*To do*. From the first line to the last, print the material exactly, skipping the pictures.

*Dataset*.
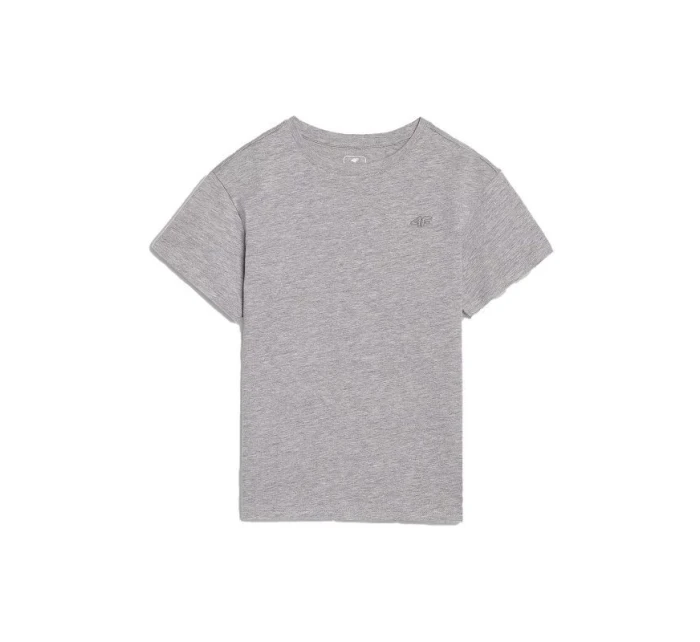 Tričko Jr model 21476447 - 4F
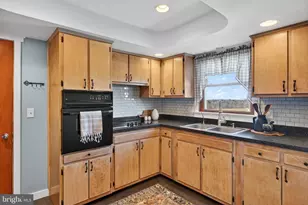 2103 S View Rd, Lancaster, PA 17602 - Photo 10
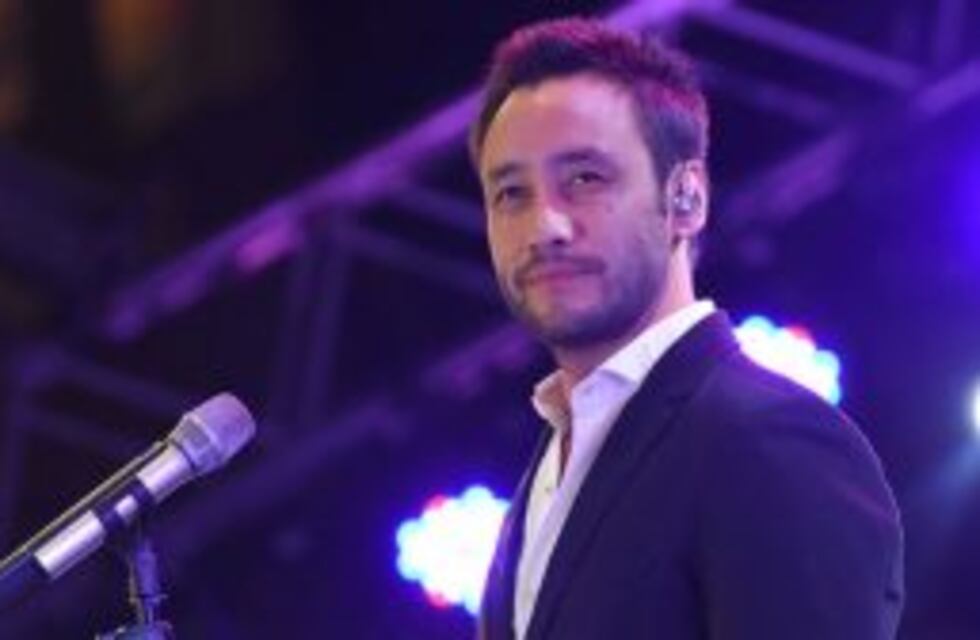 Más de 12 mil personas en la cuarta noche de Jesús María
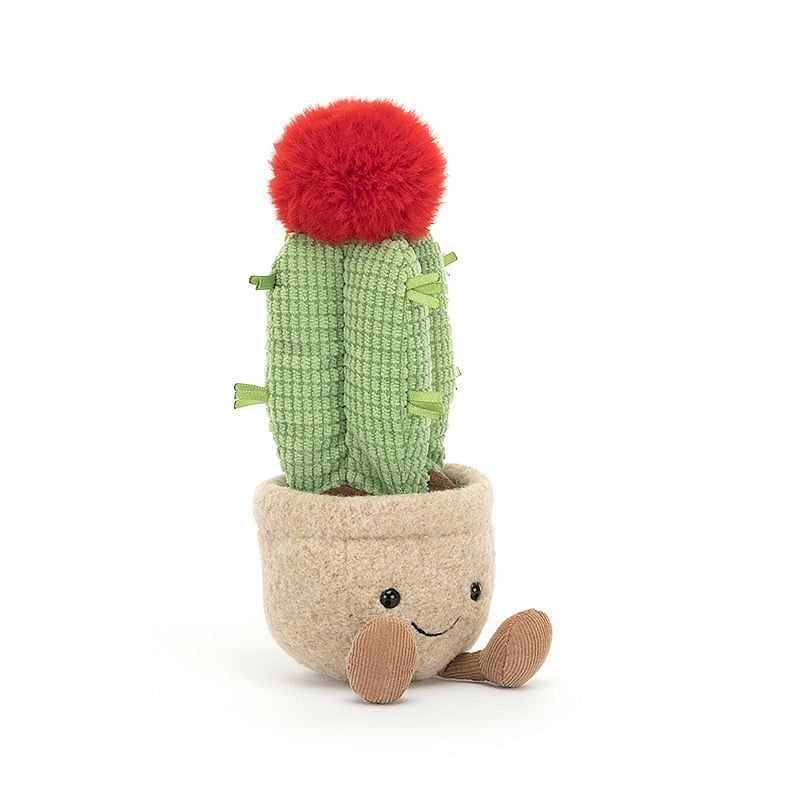 Jellycat Amuseable Moon Cactus-Jellycat-The Bugs Ear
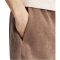 adidas Sportswear Elevated All SZN Terry Loop Sweatshorts Herren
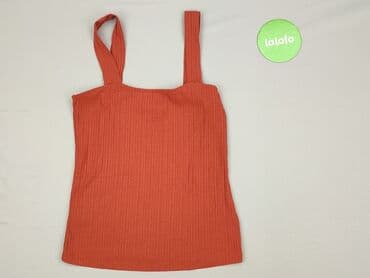 Topy: Moodo, Top damski, rozmiar M — 2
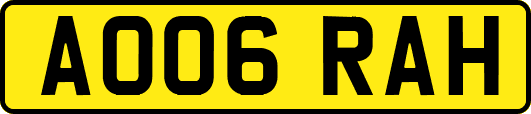 AO06RAH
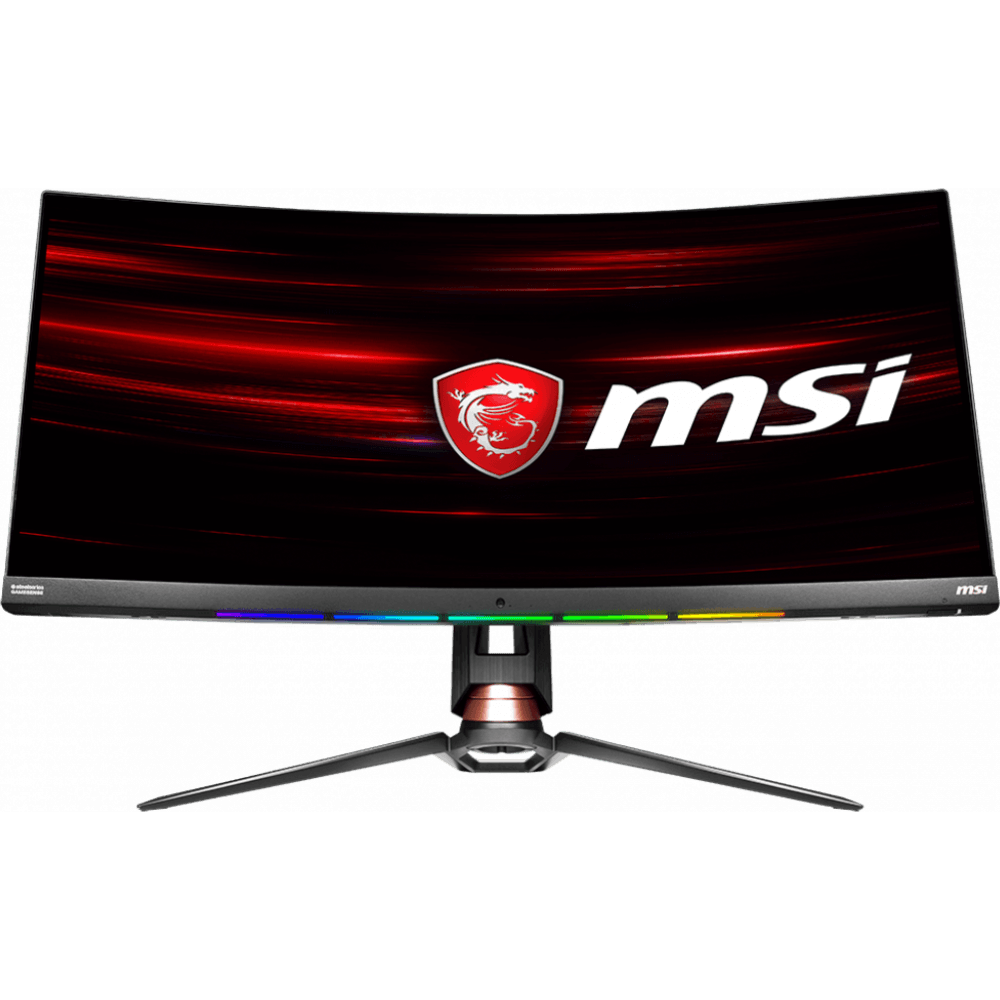 Msi optix ips. Монитор MSI Optix mpg341cqr. MSI 144 Hz монитор. MSI Optix mpg341cqr 34.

*Your response*.
 Tričko Jr model 21476447 - 4F
 2103 S View Rd, Lancaster, PA 17602 - Photo 10
 Más de 12 mil personas en la cuarta noche de Jesús María
 Jellycat Amuseable Moon Cactus-Jellycat-The Bugs Ear
 adidas Sportswear Elevated All SZN Terry Loop Sweatshorts Herren
 Topy: Moodo, Top damski, rozmiar M — 2
 AO06RAH
 Msi optix ips. Монитор MSI Optix mpg341cqr. MSI 144 Hz монитор. MSI Optix mpg341cqr 34.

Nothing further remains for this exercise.